*TASK INSTRUCTIONS*
All of the entries are to be written out again verbatim.

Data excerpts
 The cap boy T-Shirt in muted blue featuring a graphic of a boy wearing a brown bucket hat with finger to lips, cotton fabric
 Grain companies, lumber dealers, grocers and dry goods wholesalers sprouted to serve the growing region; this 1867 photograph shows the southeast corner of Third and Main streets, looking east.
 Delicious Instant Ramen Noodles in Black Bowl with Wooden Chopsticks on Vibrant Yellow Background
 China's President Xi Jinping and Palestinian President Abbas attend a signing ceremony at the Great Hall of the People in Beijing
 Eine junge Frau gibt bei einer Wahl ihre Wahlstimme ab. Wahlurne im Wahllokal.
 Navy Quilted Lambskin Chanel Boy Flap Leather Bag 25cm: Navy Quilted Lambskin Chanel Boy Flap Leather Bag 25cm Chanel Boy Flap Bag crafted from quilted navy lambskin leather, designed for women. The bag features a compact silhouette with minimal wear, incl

*SOLUTION TO THIS PROBLEM*
 The cap boy T-Shirt in muted blue featuring a graphic of a boy wearing a brown bucket hat with finger to lips, cotton fabric
 Grain companies, lumber dealers, grocers and dry goods wholesalers sprouted to serve the growing region; this 1867 photograph shows the southeast corner of Third and Main streets, looking east.
 Delicious Instant Ramen Noodles in Black Bowl with Wooden Chopsticks on Vibrant Yellow Background
 China's President Xi Jinping and Palestinian President Abbas attend a signing ceremony at the Great Hall of the People in Beijing
 Eine junge Frau gibt bei einer Wahl ihre Wahlstimme ab. Wahlurne im Wahllokal.
 Navy Quilted Lambskin Chanel Boy Flap Leather Bag 25cm: Navy Quilted Lambskin Chanel Boy Flap Leather Bag 25cm Chanel Boy Flap Bag crafted from quilted navy lambskin leather, designed for women. The bag features a compact silhouette with minimal wear, incl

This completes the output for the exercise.